A world-first breakthrough could see COVID-19 blood test results returned in 20 minutes, with hospitals able to process 700 tests per hour.
The simple assay separates free cells from red blood cells, which have been found to cluster when containing COVID-19 antibodies. It is based on commonly used blood typing infrastructure that is already manufactured at scale.
Project leader Dr Simon Corrie runs the Nanosensor Engineering Lab at Monash University, which focuses on developing new biosensors and assays.
“There were lots of PCR [polymerase chain reaction]-based tests available, which is the swab test where people are detecting directly the genetic material in the virus which is indicative of current infection,” he told create.
“But we could see an opening for rapid lab based blood testing, because there you detect the antibodies that are raised by the immune system in response to the virus.”
Corrie and his team of researchers and PhD students were able to quickly mount the case for a targeted group of people to work exclusively on the project once Victoria state went into Stage 3 lockdown in March.
“We identified blood type tests as an already scalable, simple and widespread technology available all over the world, and we modified them ever so slightly to actually detect antibodies raised against the virus in patient blood,” he said.
How does it work?
The Monash assay detects antibodies by pipetting a mixture of reagent red blood cells and antibody-containing serum onto a gel card containing separation media, incubating the card for 5 to 15 minutes, and using a centrifuge to separate the agglutinated, or clustering, cells from free cells.
“The idea behind doing that was that if we could make that work — and we still have further testing to undergo to ensure that the assay is robust and performs well in line with gold standards — then manufacturing and rolling it out would be a relatively simple task because the components are already produced in that high scale for blood typing all around the world,” Corrie said.
The assay could become a major weapon in the global fight against the pandemic, as most people who have had the virus will almost all be antibody positive by 10 to 15 days after the onset of symptoms.

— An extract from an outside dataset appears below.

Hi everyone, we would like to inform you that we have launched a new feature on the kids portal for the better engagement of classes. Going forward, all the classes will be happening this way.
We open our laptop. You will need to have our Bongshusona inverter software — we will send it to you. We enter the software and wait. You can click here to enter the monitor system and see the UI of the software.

“Our test then becomes useful as a surveillance and contact tracing tool. It’s also the only way of letting people know if they’ve been an asymptomatic carrier,” Corrie added.
COVID-19 and beyond
Corrie also raised the possibility of making assays that could detect other parts of the COVID-19 immune response.
“There’s some evidence that cytokine levels — these are relatively low abundance proteins in the blood — could be used to determine the severity of the disease, or to monitor the sort of cytokine storm response to that which may be associated with a severe case of COVID-19,” he said.

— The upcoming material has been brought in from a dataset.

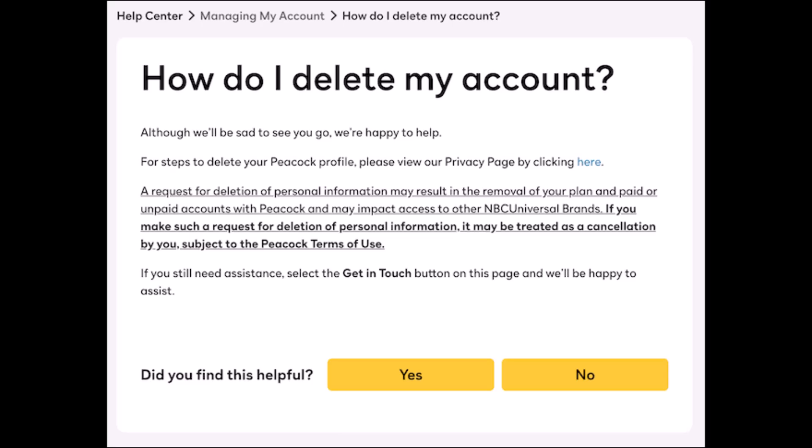Now, canceling your Peacock TV subscription is as simple as changing from a premium plan to a free option. But if you want to delete your account entirely, you're going to have to fill out a form. Starting from several pages inside of Peacock's help center, you will find a guide.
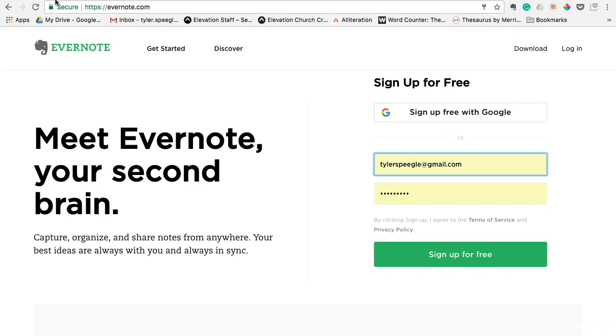Okay, so the first tool that I want to introduce to you is called Evernote. But before I show you how to get started with this tool, I want to show you the importance of downloading it and using it.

Beyond COVID-19 antibodies, the rapid test could be deployed to fight other diseases.
“Effectively, what we’re trying to do is take red blood cells and modify them so that they clump — agglutinate — around particular disease-related biomarkers, such as antibodies, proteins, viruses and bacteria,” he said.
“Then we can see them, especially if separated through some absorption media like a little gel column.”

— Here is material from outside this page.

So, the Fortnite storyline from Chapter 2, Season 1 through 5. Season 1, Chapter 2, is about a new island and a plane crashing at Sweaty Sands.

That means the test could be applied to different viral infections, cancer, heart disease, sepsis or any condition in which molecular changes are indicative of disease progression.
“If we can do that in response to other biomarkers it could be really interesting,” Corrie said.
“If we can make some of these tests available outside of centralised labs, we can make them more accessible to people.”
The next step is rigorous testing and working with a commercial partner to manufacture the assay. Corrie estimates this will take an additional three to six months if the team receives further support and funding.
Corrie’s colleague at Monash University’s Bioresource Processing Institute of Australia (BioPRIA) have also been hard at work in response to the pandemic, with chemical engineer Dr Joanne Tanner and her team tasked with solving personal protective equipment (PPE) shortages at a local level.
“Over the course of just a few weeks, a small team at BioPRIA worked with local paper and polymer manufacturers to produce and test paper-based isolation gowns for use by frontline healthcare workers,” she said.
In order to rapidly produce prototype garments, Tanner and her team measured various paper thicknesses and polymer coatings to determine the viral protection potential of the materials, as well as ensuring that they weren’t fragile or easily compromised by water.
“The material we developed passed all the standard virus protection, strength and barrier tests, and our prototype gowns ‘inspired confidence’ and were deemed ‘perfectly suitable’ for use with ‘COVID infected or at-high-risk patients’ by a healthcare professional,” she said.
“These materials could also be applied as surgical drapes, masks and other PPE where flexible, non-woven materials are required to provide short-term virus protection.”